知事:スポーツを楽しむ、極めることを諦めないという姿を三木さんが示されていますね。

三木:自分自身、スポーツに本当に救われましたし、自分が車いすテニスをやっていく限りはそういう姿を示していきたいですね。

知事:2030年には島根県内で第84回国民スポーツ大会と第29回全国障害者スポーツ大会(愛称:島根かみあり国スポ・全スポ)を開催する予定です。県としてもスポーツの機運を高めていきたいと考えています。

三木:スポーツ選手に憧れ、選手を目指してもらえるといいですね。車いすテニスに限らず、スポーツに触れられる大事な機会だと思います。
海外では障がいのある子にいろいろなパラスポーツを体験してもらい、適性のある子を応援するというシステムがあります。私も地元でパラスポーツをやりたい子の橋渡しのようなことができたらいいなと思いますね。スポーツをしたい子の声を聞き取る土台を作ることが課題です。

地元への思い

知事:海外で転戦されていてお忙しいと思いますが、地元に帰られる時はどのように過ごしておられますか。

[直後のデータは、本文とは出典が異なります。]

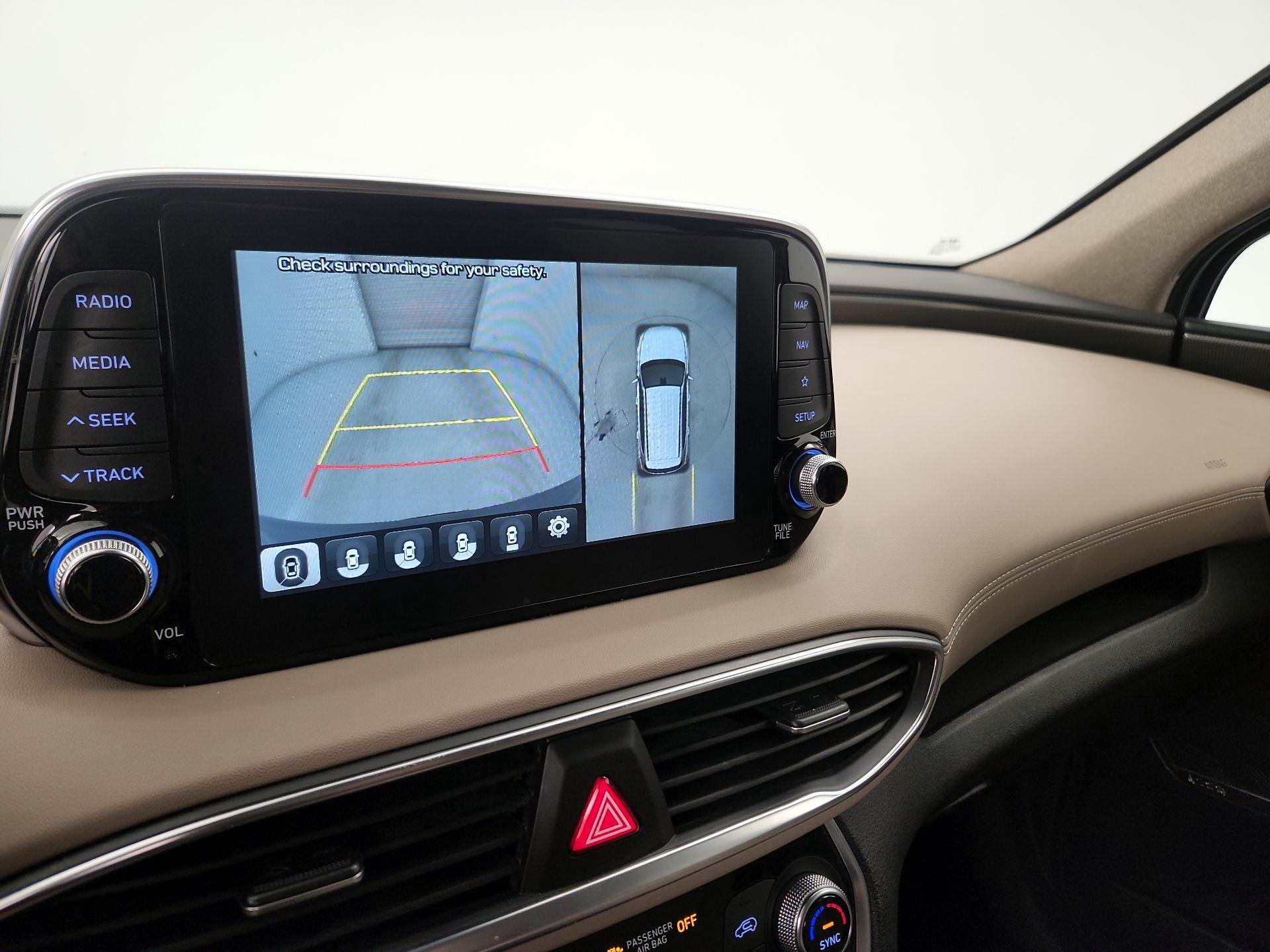 Thumbnail: 2019 Hyundai Santa Fe - 15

三木:麺類が好きで、地元に帰ったときは出雲そば・うどんのお店によく行きますね。地元のテニス友達と会って、昔話に花を咲かせたりもします。
サンライズ出雲で帰ることもありますが、出雲市駅のホームに降りて最初の風を感じると、都会と匂いが違っていて『ここで育ったんだな』って思います。

知事:島根のことを思っていただけるのは本当にうれしいですね。

三木:島根県は何を食べてもおいしいし、ここでしか食べられないものもたくさんあります。毎回帰るたびに島根の良さを感じますね。

今後の目標

知事:今後の目標を教えてください。

三木:パリ大会で金メダルが獲れなかったことが本当に悔しかったんですよね。まだまだ満足していませんし、この悔しさをプレーに出していきたいです。
次の目標はテニス世界四大大会です。まだタイトルを取れていないので、そこを目指したいですね。
今後もいい結果を報告することで『あいつ頑張っているな』と思ってもらえるようにしたいと思います。皆さんにスポーツの可能性のようなものを届けていけたらいいなと思います。

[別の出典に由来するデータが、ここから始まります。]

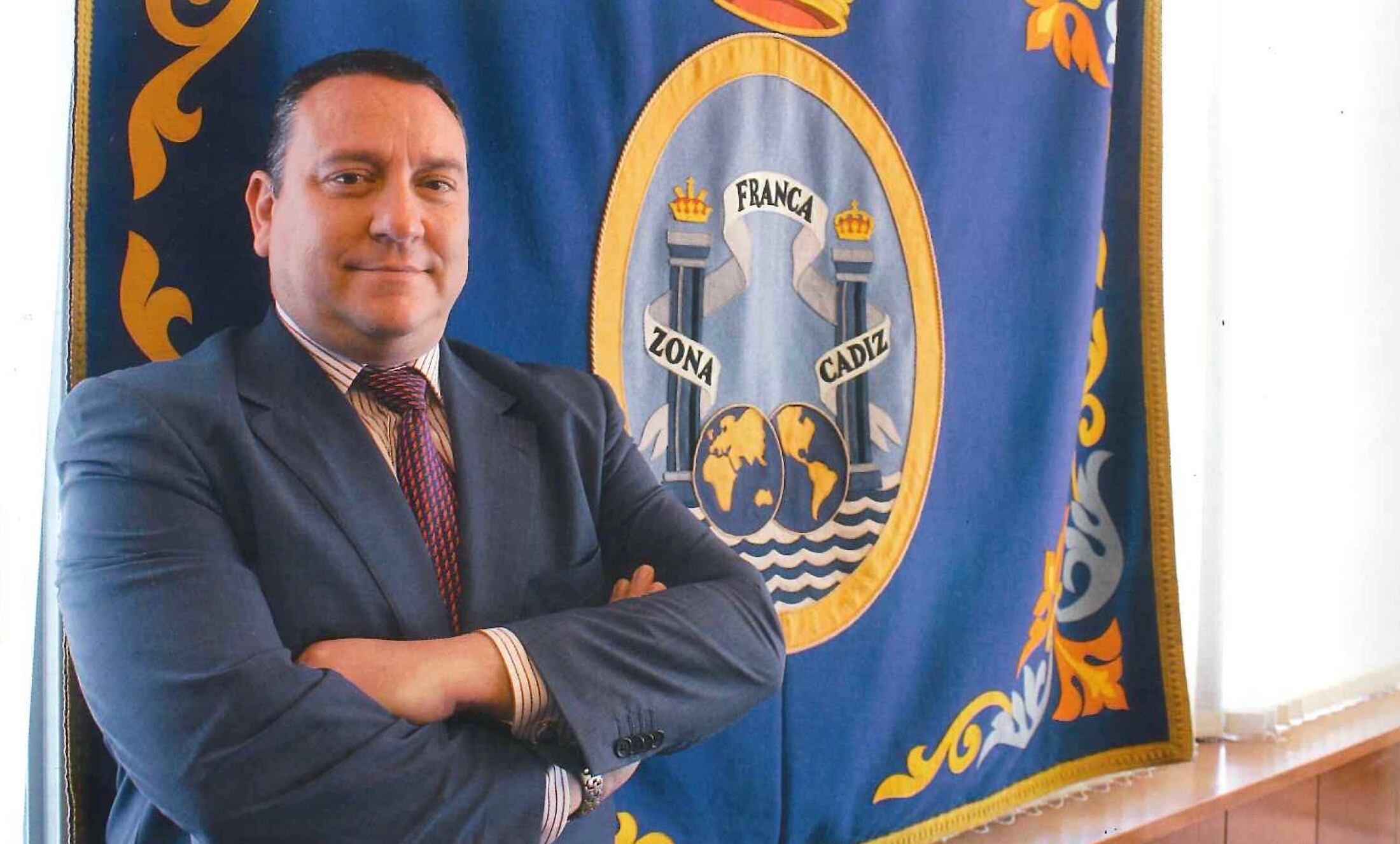 José Manuel Fedriani en una imagen de archivo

知事:さらに上を目指して頑張ってください。県民みんなで三木さんを応援しています。

三木拓也(みきたくや)

出雲市出身。出雲高校3年の2007年に左脚に骨肉腫が見つかり、人工関節となる。闘病中に車いすテニスの国枝慎吾選手の活躍を見て車いすテニスを始める。テニス世界四大大会では22年の全米オープンでシングルス4位、24年ウィンブルドンなど5度のダブルス準優勝。パラリンピックでは24年のパリ大会でダブルス準優勝となった。